Shortly after the termination of the great Franco-German conflict, M. Taine suggested in the Temps that subscribers to the better sort of journals might do a good deal for the enlightenment of the humbler classes by merely lending their newspapers in their neighborhood. This was a good suggestion: the best newspapers are an important intellectual propaganda; they awaken an interest in the most various subjects, and supply not only information but a stimulus. The danger to persons of higher culture that the newspaper may absorb time which would else be devoted to more systematic study, does not exist in the classes for whose benefit M. Taine made his recommendation. The newspaper is their only secular reading, and without it they have no modern literature of any kind. In addition to the praiseworthy habit of lending good newspapers, an intellectual man who lives in the country might adopt the practice of conversing with his neighbors about everything in which they could be induced to take an interest, giving them some notion of what goes on in the classes which are intellectually active, some idea of such discoveries and projects as an untutored mind may partially understand. For example, there is the great tunnel under the Mont Cenis, and there is the projected tunnel beneath the Channel, and there is the cutting of the Isthmus of Suez. A peasant can comprehend the greatness of these remarkable conceptions when they are properly explained to him, and he will often feel a lively gratitude for information of that kind. We ought to remember what a slow and painful operation reading is to the uneducated. Merely to read the native tongue is to them a labor so irksome that they are apt to lose the sense of a paragraph in seeking for that of a sentence or an expression. As they would rather speak than have to write, so they prefer hearing to reading, and they get much more good from it, because they can ask a question when the matter has not been made clear to them.

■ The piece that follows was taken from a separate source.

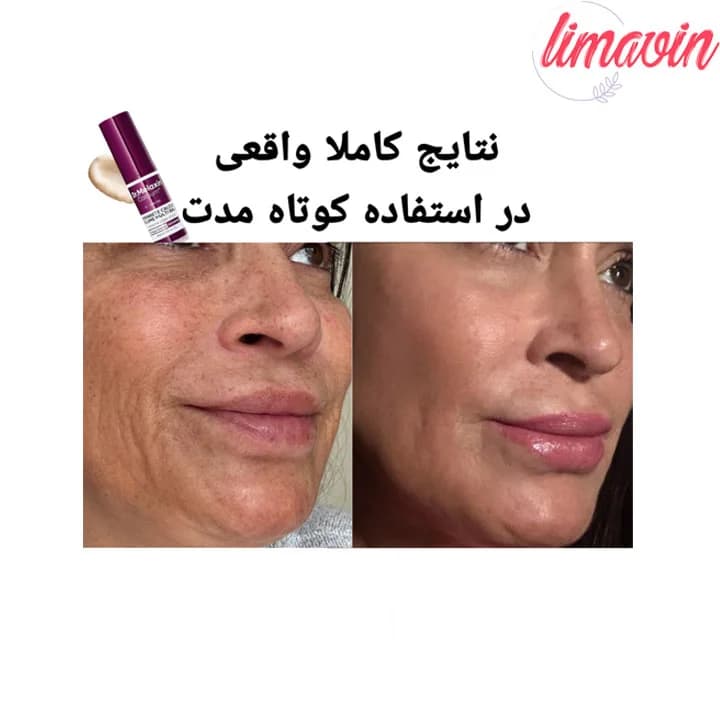مولتی بالم دور چشم دکتر ملاکسین ضد چروک قوی حجم 9 گرم — تصویر ۸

One of the best ways of interesting and instructing your intellectual inferiors is to give them an account of your travels. All people like to hear a traveller tell his own tale, and whilst he is telling it he may slip in a good deal of information about many things, and much sound doctrine. Accounts of foreign countries, even when you have not seen them personally, nearly always awaken a lively interest, especially if you are able to give your hearers detailed descriptions of the life led by foreigners who occupy positions corresponding to their own. Peasants can be made to take an interest in astronomy even, though you cannot tell them anything about the peasants in Jupiter and Mars, and there is always, at starting, the great difficulty of persuading them to trust science about the motion and rotundity of the earth.